Supplied information:
****
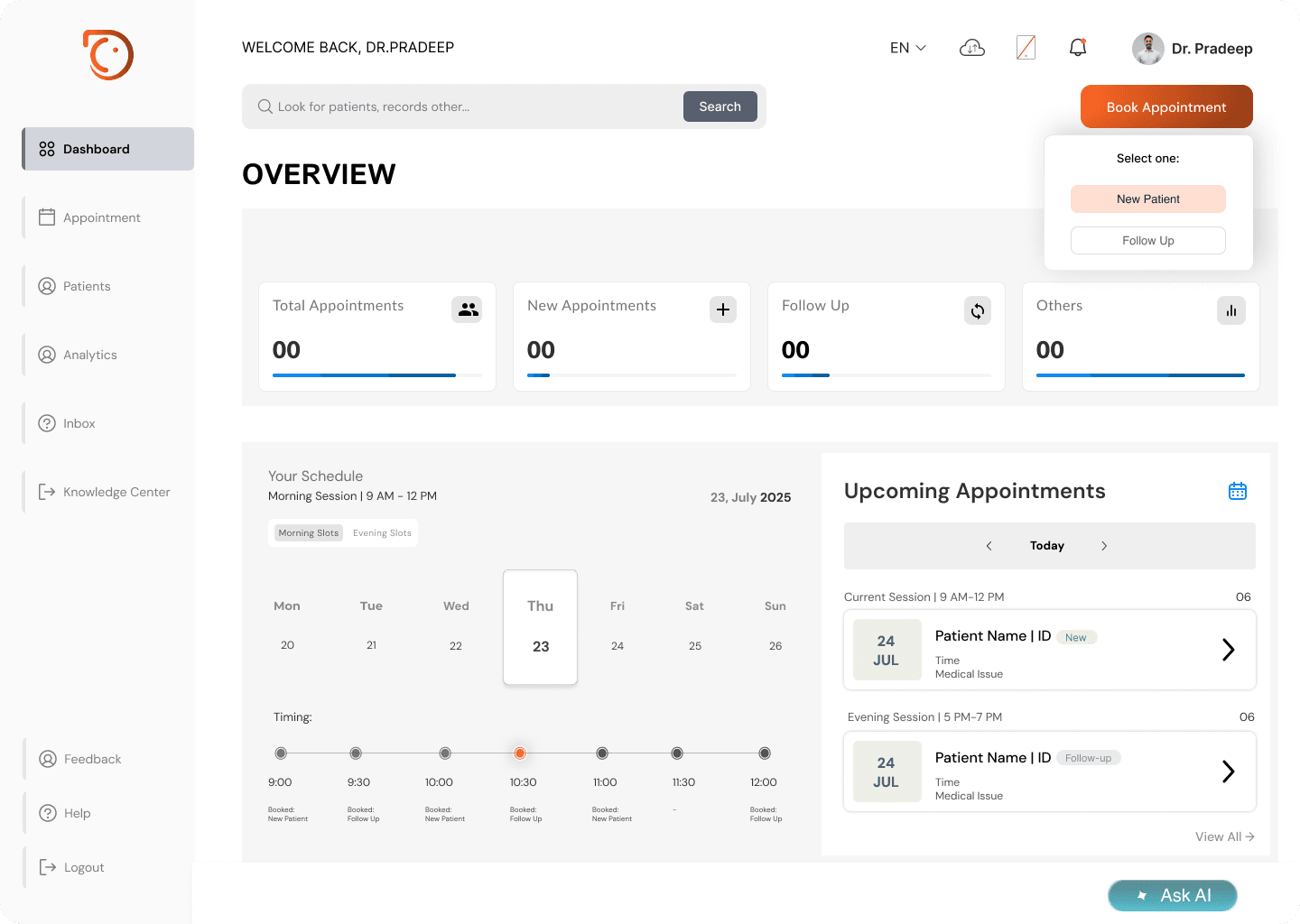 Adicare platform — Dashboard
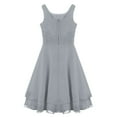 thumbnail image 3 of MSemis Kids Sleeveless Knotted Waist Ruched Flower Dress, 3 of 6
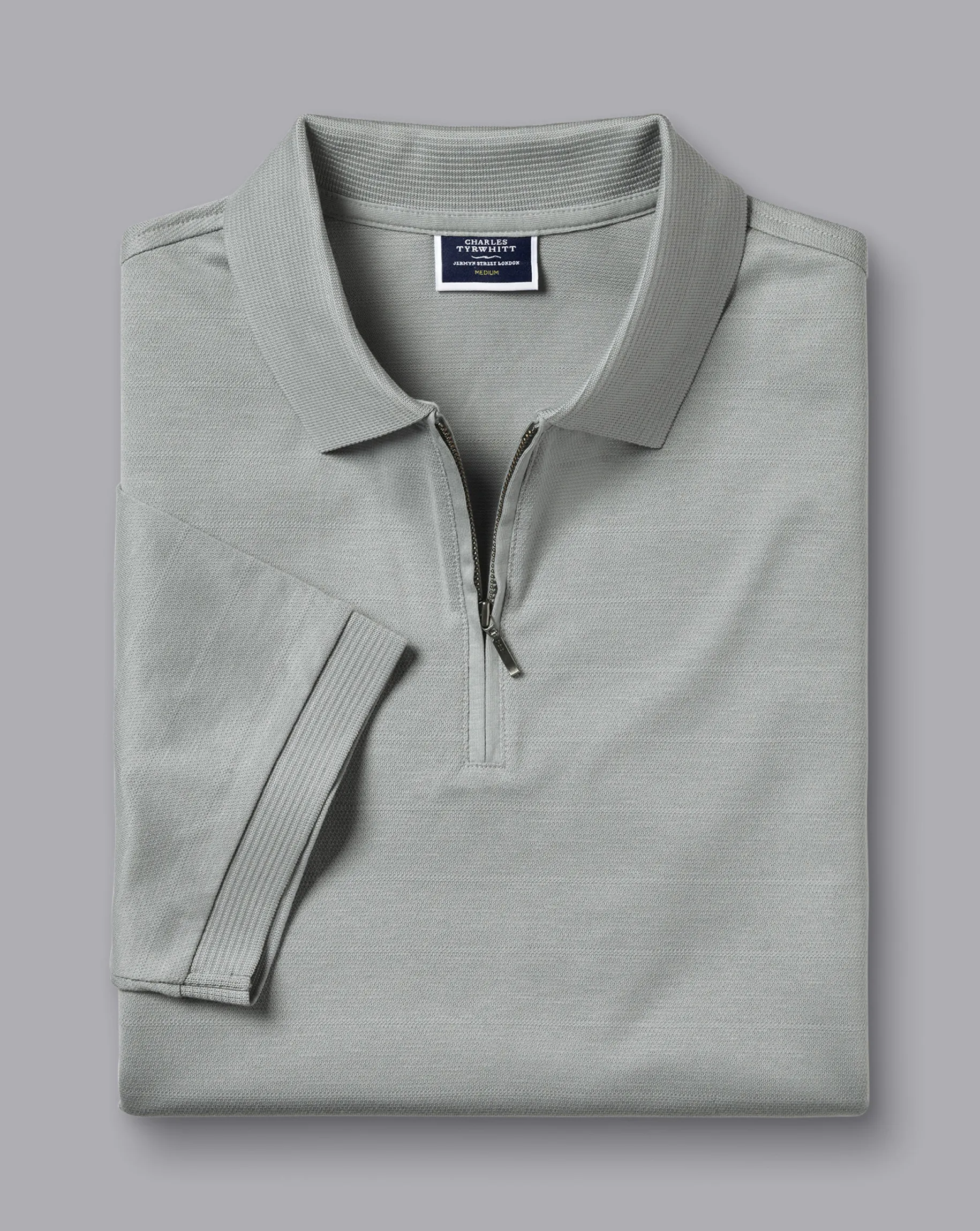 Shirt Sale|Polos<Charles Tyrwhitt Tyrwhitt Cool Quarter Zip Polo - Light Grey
****
What to do: Output the full listing verbatim; pictures stay out.

Written solution:
 Adicare platform — Dashboard
 thumbnail image 3 of MSemis Kids Sleeveless Knotted Waist Ruched Flower Dress, 3 of 6
 Shirt Sale|Polos<Charles Tyrwhitt Tyrwhitt Cool Quarter Zip Polo - Light Grey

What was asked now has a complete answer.